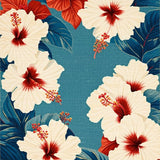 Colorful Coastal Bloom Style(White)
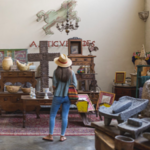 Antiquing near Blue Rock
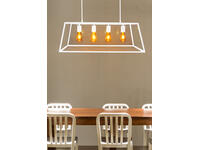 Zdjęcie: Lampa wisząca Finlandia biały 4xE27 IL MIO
---
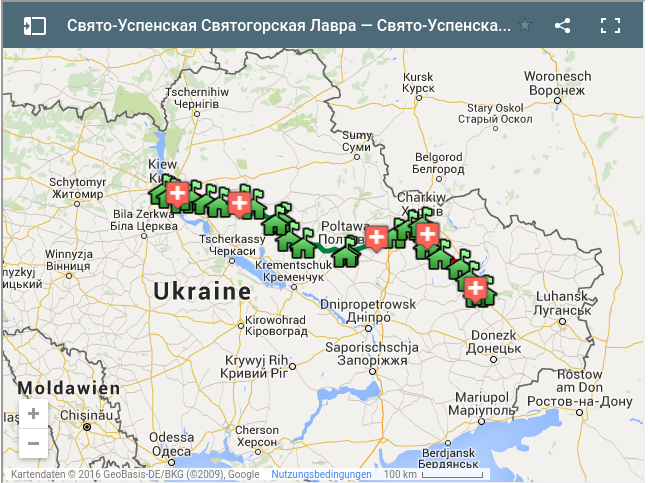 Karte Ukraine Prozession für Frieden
* * *
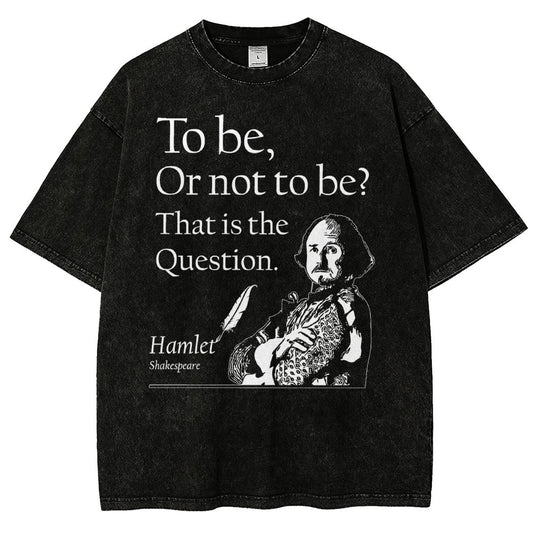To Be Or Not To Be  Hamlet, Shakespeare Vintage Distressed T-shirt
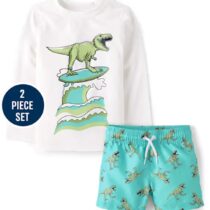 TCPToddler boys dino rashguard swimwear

THE PROBLEM: Output exactly those lines of the data above that run from the line with "Antiquing near Blue Rock" up to and including the line with "Zdjęcie: Lampa wisząca". No pictures go in.

RESULT FOR THIS TASK:
 Antiquing near Blue Rock
 Zdjęcie: Lampa wisząca Finlandia biały 4xE27 IL MIO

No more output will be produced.